Fig. 2 Thermogravimetric analysis of [TiCl₂(NC₆H₃ⁱPr₂-2,6)(py)₃].

All of the films produced are electrically conductive. The conductivity varied along the length of the deposit. The lowest resistivity values recorded for the majority of the films were very low (less than 400 µΩ cm, see Table 1), as expected for TiN. These values were recorded in the central areas of the deposits, which coincide with the optimum deposition temperature.

The contact angles for water droplets on the surfaces of the films are excess of 100°, indicating that the films are hydrophobic. These contact angles are larger than that for the untreated glass and equivalent to the contact angles observed by us for TiN films formed by atmospheric pressure CVD of TiCl₄ and NH₃.

The reflectance and transmission spectra show that all the films are reflective in the near infrared. This is a known and desirable property of TiN coatings and has found an application in solar control coatings.²⁶ The reflectance in the visible region for the majority of the films shows that visible light is transmitted. This is confirmed by the transmission spectra, which show good transmission in the visible light frequency range (Fig. 3).

Fig. 3 Visible–NIR transmission spectrum of the film deposited by LPCVD using [TiCl₂(NC₆H₃ⁱPr₂-2,6)(py)₃] as the precursor.

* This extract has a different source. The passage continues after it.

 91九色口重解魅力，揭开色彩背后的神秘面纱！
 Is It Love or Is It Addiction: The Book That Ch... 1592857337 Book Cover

Compositional analysis by energy dispersive X-ray analysis (EDAX) shows the presence of titanium and nitrogen in the films. The presence of oxygen cannot be accurately determined as the films are deposited on silica glass and the accelerating voltages used give X-ray emissions from 0.5–4 µm depth from the surface. The typical film thickness produced in these LPCVD experiments was 0.5–2 µm (SEM measurements). Electron probe analysis of selected films confirmed the presence of Ti and N. However, it was clear that the nitrogen content varied from stoichiometric using [TiCl₂(N^tBu)(py)₃] (TiN_1.0) to non-stoichiometric when using [TiCl₂(NPh)(NHMe₂)₂] and [TiCl₂(NⁱPr)(Me₃[6]aneN₃)] (TiN_0.2).

X-Ray photoelectron spectroscopy (XPS) analysis of selected films (Table 1) revealed the presence of titanium, nitrogen, carbon and oxygen, with the exception of the film produced from [TiCl₂(N^tBu)(py)₃], which contained TiN_1.00 as the sole phase. The N 1s binding energy shift ranges from 458.0 to 459.0 eV and that for Ti 2s ranges from 396.2 to 400.3 eV, depending on the film. These results are in agreement with the values reported for TiN_x films and show a variation with stoichiometry.²⁴ The presence of oxygen and carbon was detected in some samples, suggesting incomplete decomposition of the precursors during the LPCVD process, thereby leading to trapped impurities.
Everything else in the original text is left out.